==== Records supplied
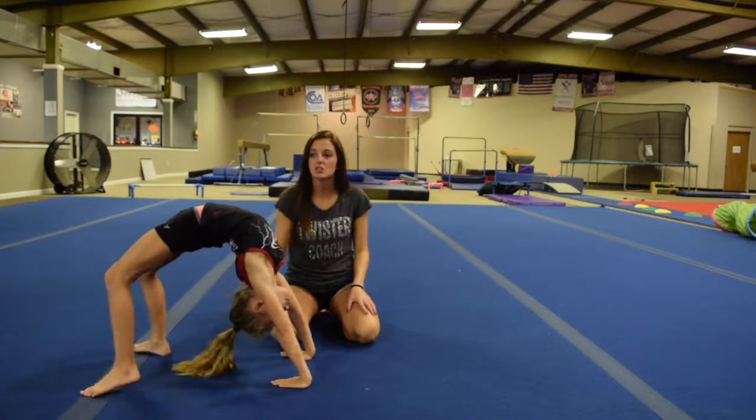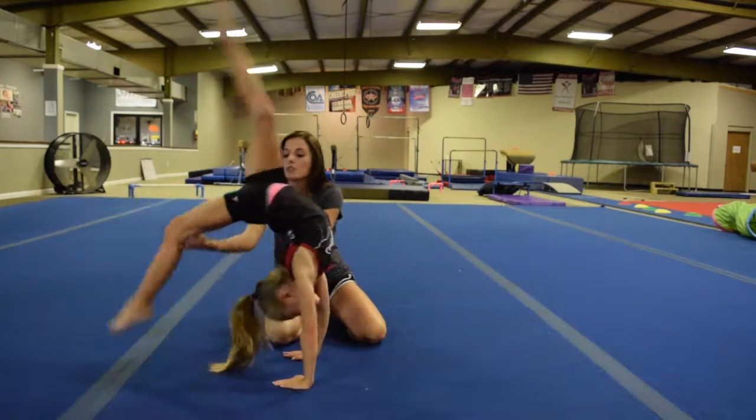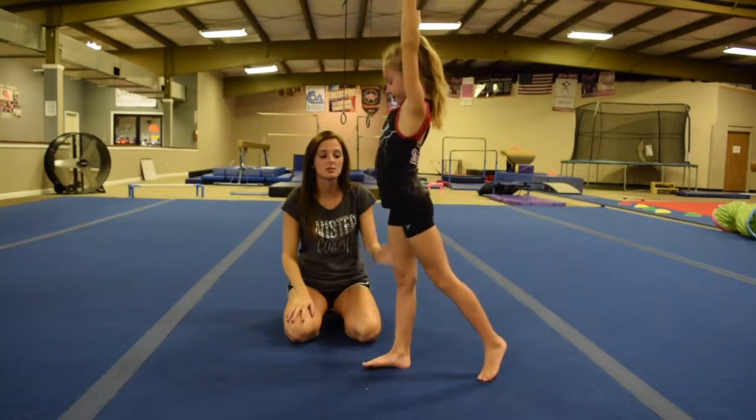When you kick over, you have to make sure that you're kicking your good foot first, straight legs, pointed toes. Go ahead, Kay, kick that good foot over and arms up. She's going to go ahead and pass through the split of that good foot when she's upside down — just like you did. That was awesome.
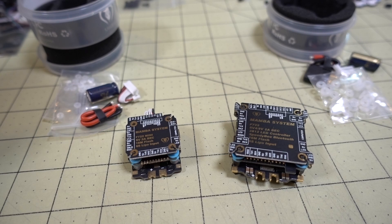In this video we're checking out the new Mamba F7 stacks, the mini and the full size. Before I get into the video, there's going to be a lot of complaints in the comments about the pricing — they're both coming in at $79.99 or $80 each.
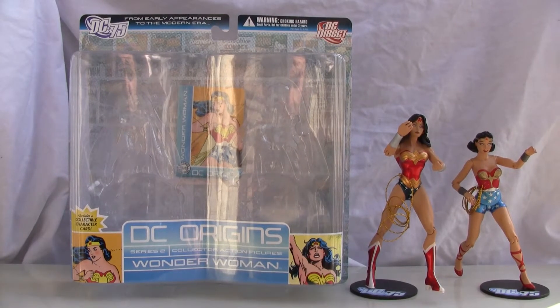Konnichiwa YouTubers, this is RezTalk Straight from Japan and today we're going to do a video review on DC Origins series number two, Wonder Woman, and as you can see it's a two-in-one package.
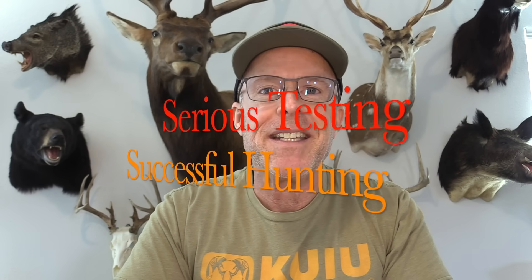John Lusk here of Lusk Archery Adventures — series testing, successful hunting. Today I'm going to be doing a retest of a head I did a couple years ago. I've gotten so many requests to retest it and I've updated my broadhead test process. So I'm going to be testing the MegaMeat. Okay, that's a cool name — MegaMeat.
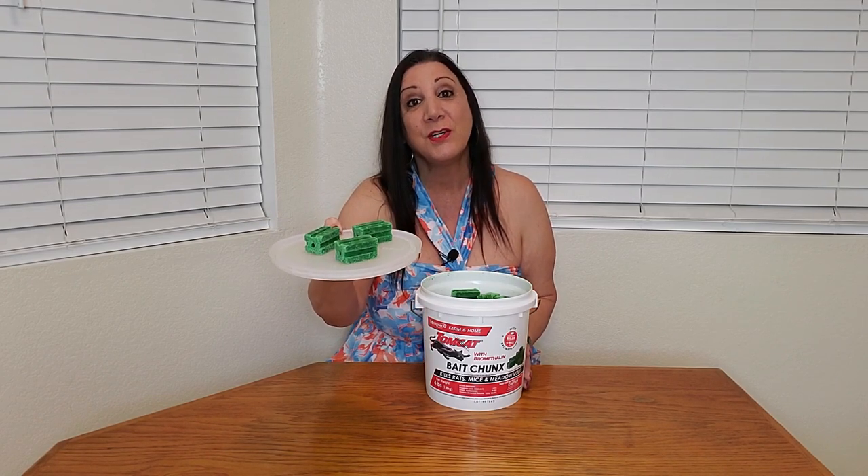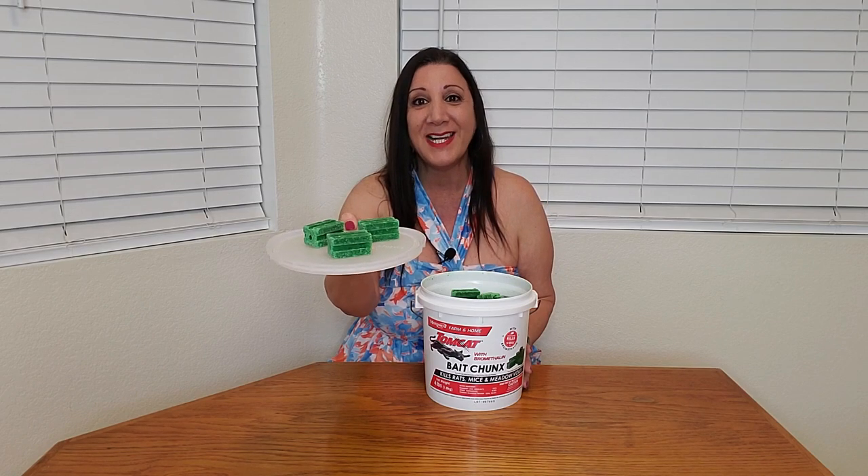We just bought this Tomcat with Bromethalin — it's pest control for mice and rats. This comes in a huge four-pound container, and each of these chunks can kill up to 12 mice. This is great for home use, businesses, or if you have a farm too.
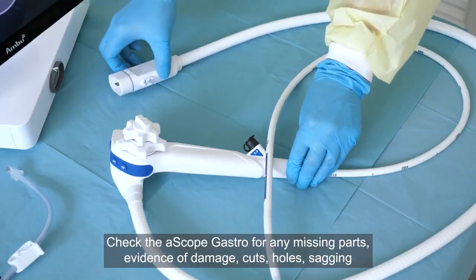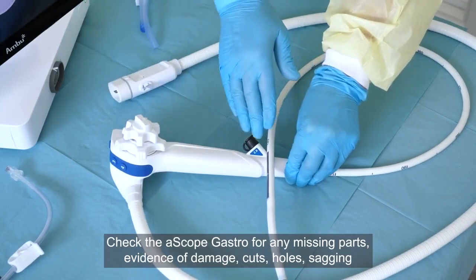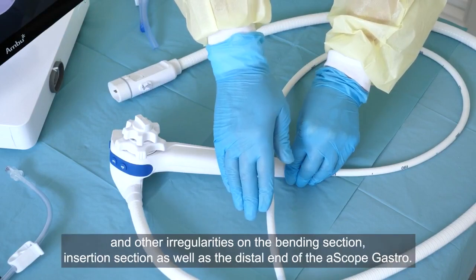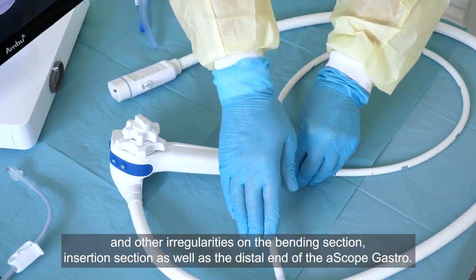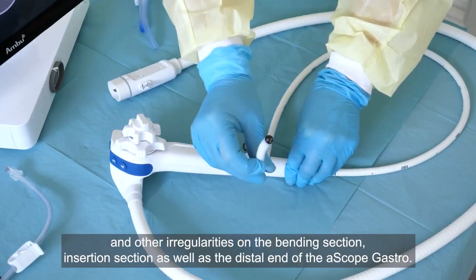Check the ASCOPE gastro for any missing parts, evidence of damage, cuts, holes, sagging or other irregularities on the bending section, insertion section, as well as the distal end of the ASCOPE gastro.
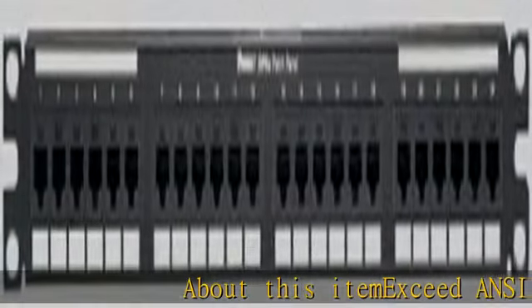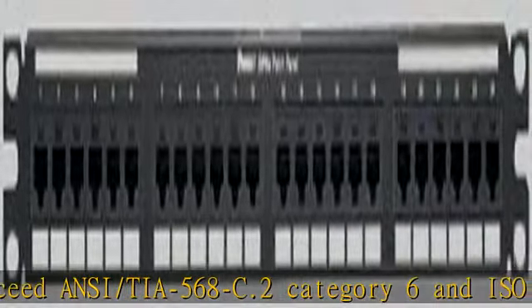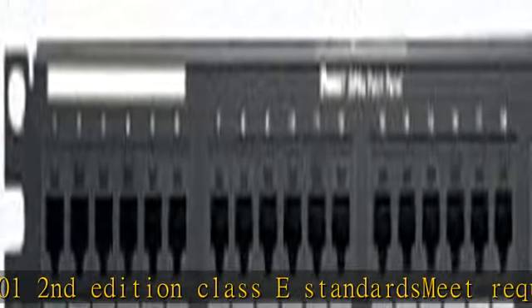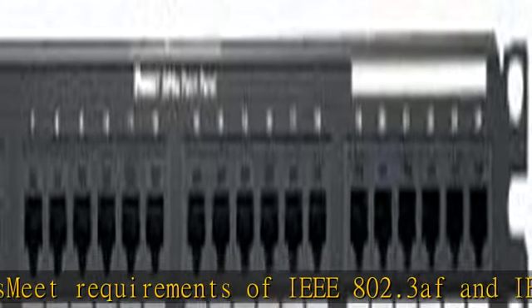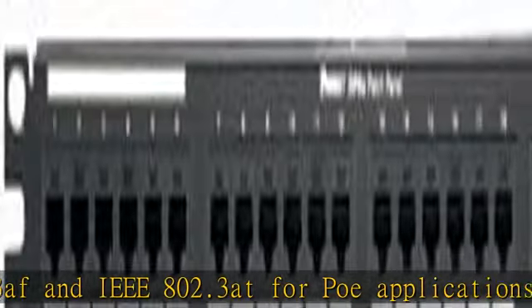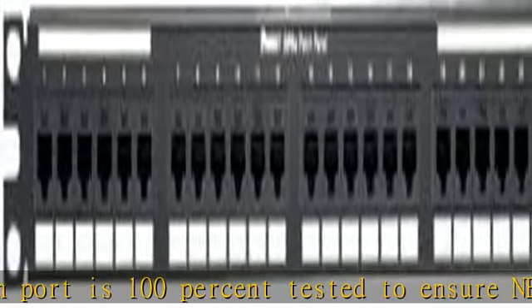About this item: exceed ANSI/TIA568C.2 Category 6 and ISO 11801 2nd edition class E standards, meet requirements of IEEE 802.3af and IEEE 802.3at for PoE applications. Each port is 100% tested to ensure NEXT and RL performance and is individually serialized to support traceability. Utilize 110 punch down termination on back panel and includes retention cap for each port. Each port contains a universal label that is color coded for T568A and T568B wiring scheme.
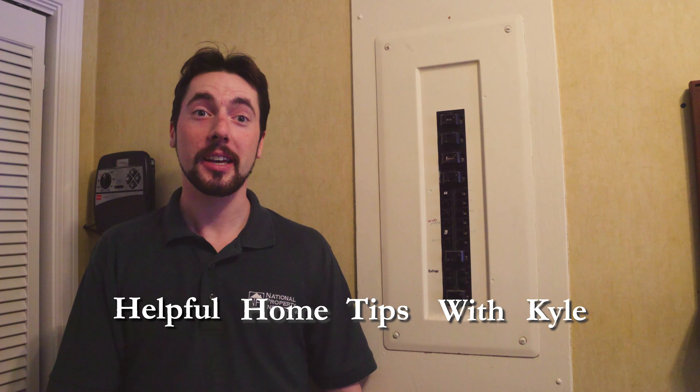Welcome back everybody to another episode of Helpful Home Tips with Kyle. Today's video is about electrical components in a home and what types of electrical concerns you can gently make your clients aware of before the inspector even gets to the house. It'll minimize the unpleasant surprises and put your clients at ease.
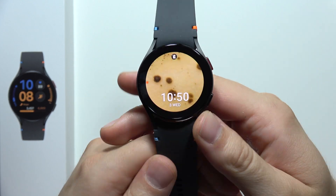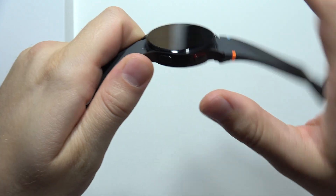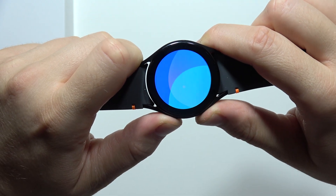Hey, to turn off Samsung Galaxy Watch FE, all you have to do is just click and hold these two buttons together. Take a look. Click and hold them. Now just wait.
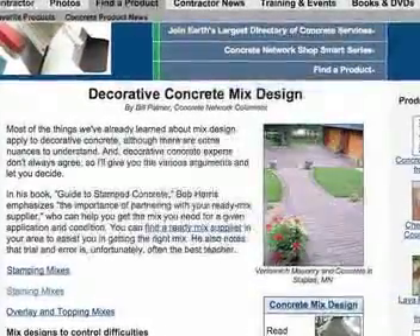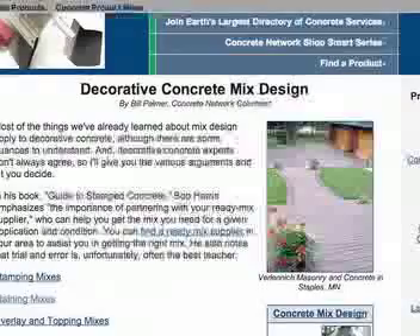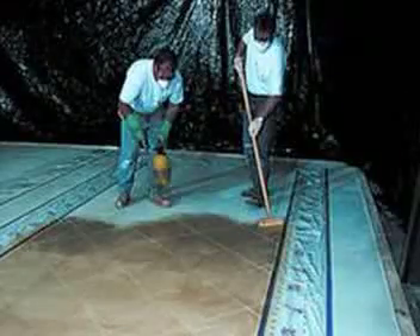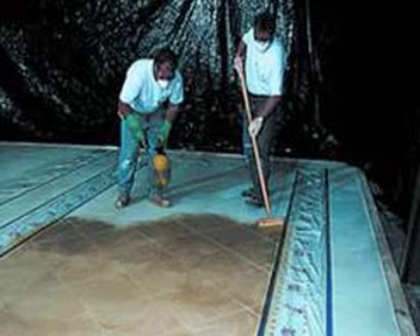Concretenetwork.com has provided a detailed overview of decorative concrete mix design. On stain jobs, for example, you may or may not have any influence over the base concrete. If you do, a low shrinkage, durable slab mix is the primary goal.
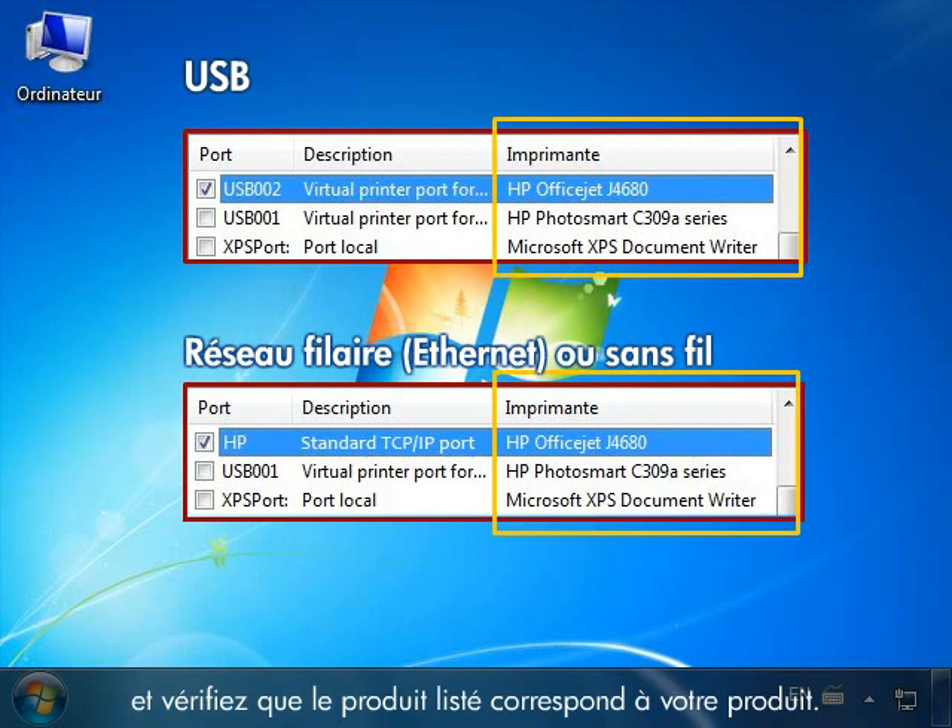Look under the Printer column and make sure that the product listed matches your product. This indicates that the print driver is correct. If the port setting or the print driver is not correct, you must reinstall the HP software.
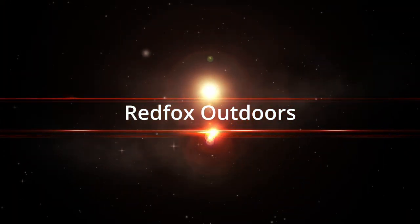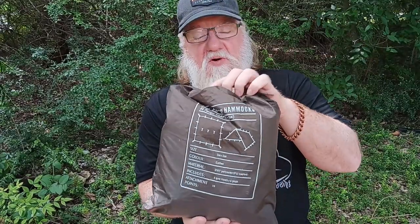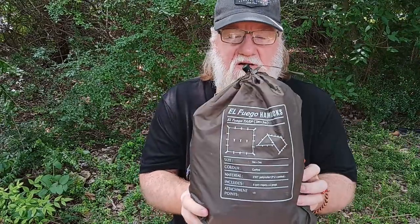Welcome back, guys. Today we got another gear review for you. This comes from Kalinko — this is their three meter by three meter coffee brown El Fuego hammock tarp, and this is what we'll be reviewing today.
========
I'd like the lines above repeated exactly, from the one that contains "Konnichiwa YouTubers, this" through the one that contains "Check the ASCOPE", with no pictures.

Answer area =
Konnichiwa YouTubers, this is RezTalk Straight from Japan and today we're going to do a video review on DC Origins series number two, Wonder Woman, and as you can see it's a two-in-one package.
John Lusk here of Lusk Archery Adventures — series testing, successful hunting. Today I'm going to be doing a retest of a head I did a couple years ago. I've gotten so many requests to retest it and I've updated my broadhead test process. So I'm going to be testing the MegaMeat. Okay, that's a cool name — MegaMeat.
We just bought this Tomcat with Bromethalin — it's pest control for mice and rats. This comes in a huge four-pound container, and each of these chunks can kill up to 12 mice. This is great for home use, businesses, or if you have a farm too.
Check the ASCOPE gastro for any missing parts, evidence of damage, cuts, holes, sagging or other irregularities on the bending section, insertion section, as well as the distal end of the ASCOPE gastro.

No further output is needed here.